Solve Vehicle Routing Problem With Reinforcement Learning

This is a short review of a framework for solving Vehicle Routing Problem (VRP) using deep reinforcement learning.

VRP is relevant to many real-world problems. Imagine a waste collection company has a number of clients with varying amounts of solid waste, waiting at various locations. It wants to design efficient routes for its fleet of trucks such that all clients (their demands) are served collectively by the trucks and the total distance of the routes is minimal. If your problem has a shape like this, well, it is about time we talked about VRP.

What exactly is VRP? In the two previous posts, we already talked about Traveling Salesperson Problem (TSP) in other posts and mentioned that TSP is a special case of VRP. Recall TSP has a single salesperson (vehicle) that wants to visit $n$ cities (a complete, weighted, undirected graph) exactly once most efficiently. In addition, the salesperson starts from one of the cities called a depot and must return to it at the end. As such, TSP is a single route problem.

$m$-Traveling Salespeople Problem

A diagram for multi-route problem. Credit: link.

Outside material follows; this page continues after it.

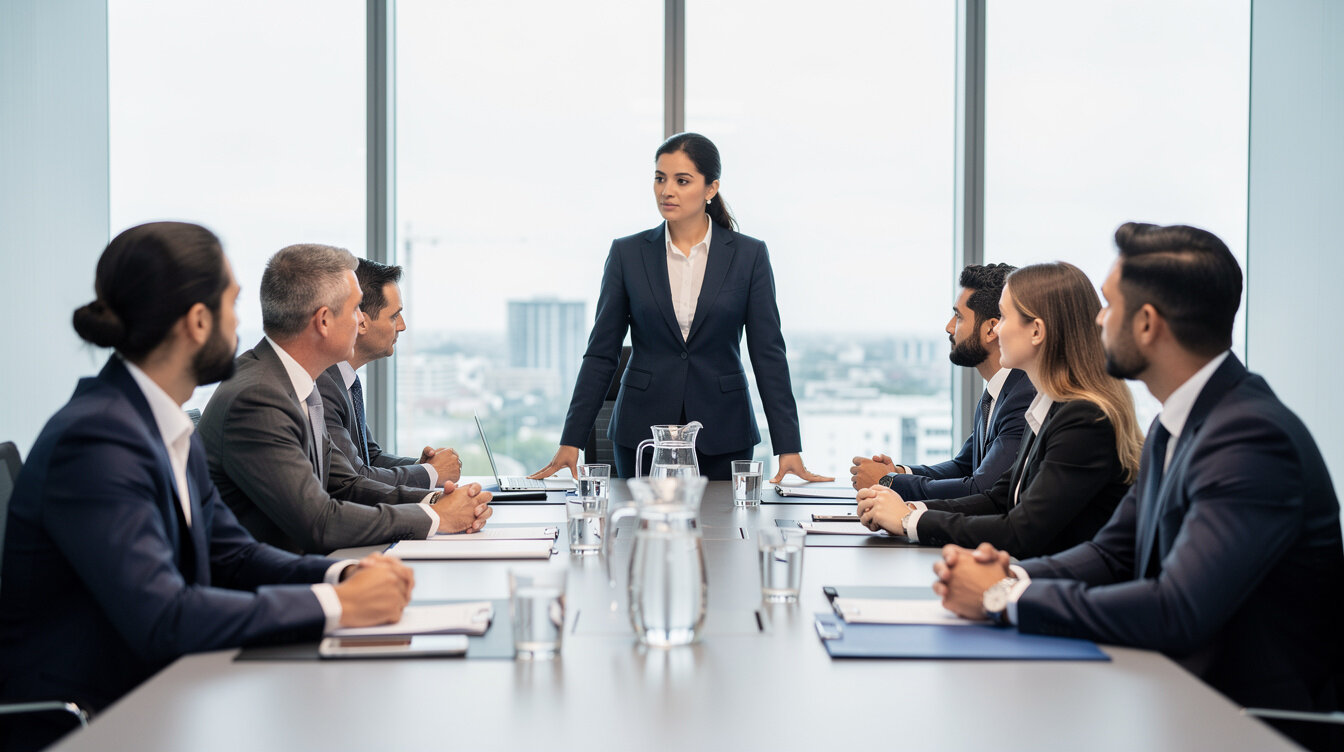 Two business delegations in a calm mediation negotiation session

Now, consider your company grew a bit and managed to hire $m(\ge 1)$ salespeople for the same set of cities. How do we plan $m$ distinct routes that cover all cities at least once using a single shared depot? This problem is called $m$-TSP. Interestingly, $m$-TSP is, at most (in worst time complexity), as difficult as 1-TSP. This follows from the observation that $m$-TSP can be re-formulated to 1-TSP at no significant cost. The idea is to make $m$ copies of the shared depot $dp_1, dp_2, \dots, dp_m$ and insert them into an input graph as if they are distinct $\{x_1,\dots,x_n, dp_1, \dots, dp_m\}$ . Next, we assign an infinite weight between any made-up $m$ vertices, so no edge incident to any pair of them would be used. Of course, as for the edges incident to $n$ vertices, we just copy the weights of the original depot. The problem has been reduced to 1-TSP of $(n + m)$ cities. The reduction took $\Theta(n \cdot m)$. Once we solve the 1-TSP (not easy), the solution will be of the form $\pi = (d\rightarrow \bar{x}_1 \rightarrow d \rightarrow \bar{x}_2 \rightarrow \dots \rightarrow d)$ where $\bar{x}$ is a subset of the original vertices $x$ (not $dp$). This is because the solution must visit every depot only once and between any two depots, there will be non-empty $\bar{x}$ (because, no edge connecting two depots will be used). Then, we decompose $\pi$ into m tours $\pi_1 = (dp, \bar{x}_1, dp), \dots, \pi_m = (dp, \bar{x}_m, dp)$ . Assuming $\pi$ is optimal, how do we know if the m tours $\pi_1, \dots, \pi_m$ are optimal? We can prove by contradiction: assume our $m$ tours are not optimal. This implies there exists at least one inefficient route (different from the optimal). Since $\pi$ is optimal, every sub-path of $\pi$ should also be optimal. Hence, a contradiction.

Vehicle Routing Problem

A map of VRP variants. Credit: link.

Now, congratulations on your company’s even bigger success. Your business now expanded to an item pickup business. You have a fleet of $m$ trucks (salespeople) and built multiple storage houses. That is, it may have multiple depots and additional constraints on vehicle capacity, maximum distance per route, and the likes. Then, we have a VRP that is intrinsically more complicated than TSP. Notice in VRP, we sometimes relax the “visit-only-once” constraint; due to other constraints, a feasible solution may not exist if we enforced it. As a general rule of thumb, VRP is tackled in practice almost exclusively by heuristics that has two major schemes¹:

Cluster first and route next: partition a given area into sub-areas and solve a single route problem for each sub-area.
Route first and cluster second: solve a single route problem to produce a single optimal route (likely, local) and split the route into sub-routes.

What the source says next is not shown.